A necklace built from 26 diamond charms and Tahitian pearls could be mistaken for a treasure from an old jewelry box until the cuts start giving away the story. Cultus Artem’s River of Heaven debuted at Couture’s Design Atelier in Las Vegas, where the show added 17 new brands to the curated space for up-and-coming designers, and the one-of-a-kind piece carried more than 39 carats of diamonds across its cascading form.
For vintage-minded collectors, the design is a useful puzzle. River of Heaven mixed salt-and-pepper diamonds with marquise, portrait, carré, step, old single and rose cuts, a combination that borrows freely from different eras rather than quoting one period cleanly. The old single and rose cuts nod to antique jewelry language, while the sharper step and carré cuts add a more architectural edge. That contrast matters because it shows how contemporary high jewelry can borrow the feel of a found heirloom without actually being an heirloom.

The pearl work does the same kind of storytelling. Cultus Artem described the necklace as inspired by the folktale of the Cowherd and the Weaver Girl, the love story that imagines the Milky Way as a bridge formed by magpies. In the necklace, that celestial idea became a stream of salt-and-pepper diamonds moving through silver Tahitian pearls, which the brand’s product copy rendered as silver South Sea pearls. The effect was less literal astronomy than a deliberate echo of the long, graduated necklaces and dramatic drops that vintage buyers often see in older sautoirs and evening jewels.

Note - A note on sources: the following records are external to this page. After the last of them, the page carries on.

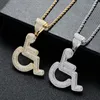 Ожерелья кулон Европейское и американское мужское Ожерелье, инвалидная коляска инвалидов подвеска, творческий циркон хип-хоп ювелирные изделия1
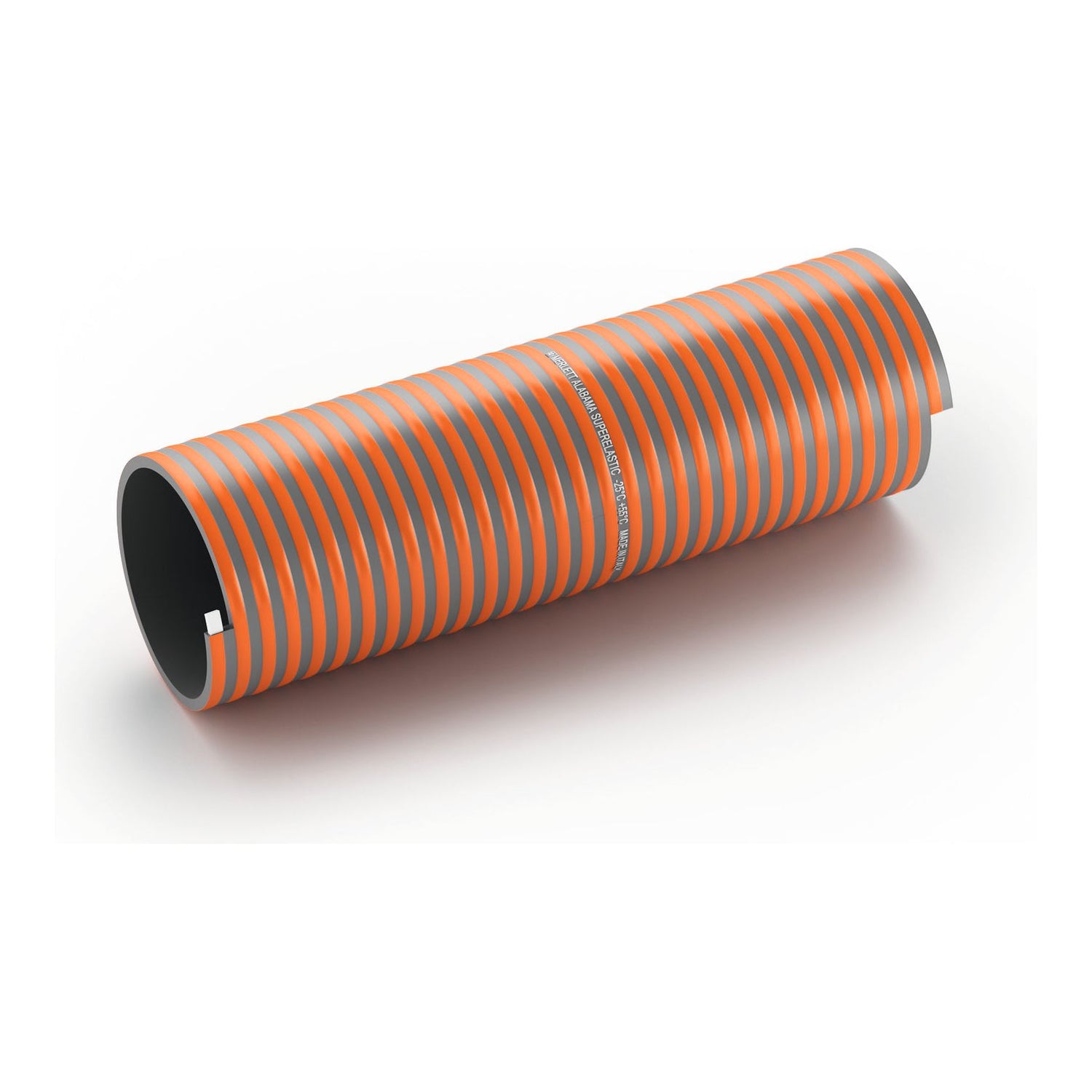 A cylindrical object, resembling the Sparex PVC Slurry Hose - Rectangular Helix (Merlett Alabama) with a 152.4mm (6'') hose ID, featuring alternating orange and black stripes, laying horizontally on a white surface.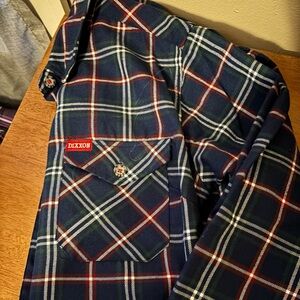 Dixxon Navy Plaid Flannel Shirt - Red & White Check women’s size M TORRANCE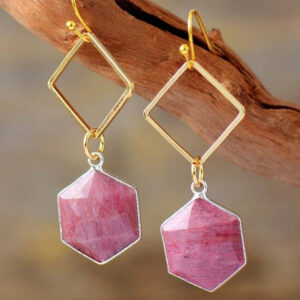 Brincos em Forma de Losango com Rodonita Rosa Natural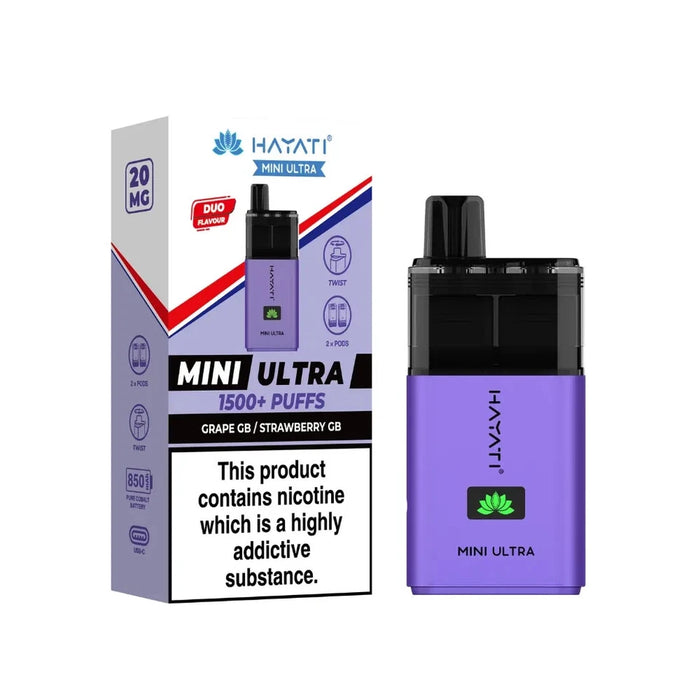 Hayati Mini Ultra Disposable Vape 1.5k Puffs 2% Nicotine disposable vape x5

Holly Tupper, Cultus Artem’s founder and designer, said she has always been fascinated by unusual diamonds and called salt-and-pepper stones a “miniature history lesson.” She said she wanted every stone to be different while still working in harmony, a description that fits a piece built around variation rather than perfection. Cultus Artem also says River of Heaven belongs to its Through Paradox collection, where each 18k-gold piece draws on raw materials from Tupper’s personal collection gathered over three decades.

That provenance story reaches beyond the necklace itself. Cultus Artem was originally established in Singapore in the 1990s, rebranded in the United States in 2015, and is now headquartered in San Antonio, Texas, in a historic Bell Telephone exchange building. The Couture Show’s brand spotlight says Tupper studied art and sculpture at Tulane University, later learned beading and metalsmithing in Singapore, and expanded into jewelry, fragrance, skincare and home goods. For collectors, River of Heaven is a reminder that old cuts alone do not make a jewel antique; construction, proportion and intent do the heavier lifting, and contemporary pieces are increasingly fluent in that older visual grammar.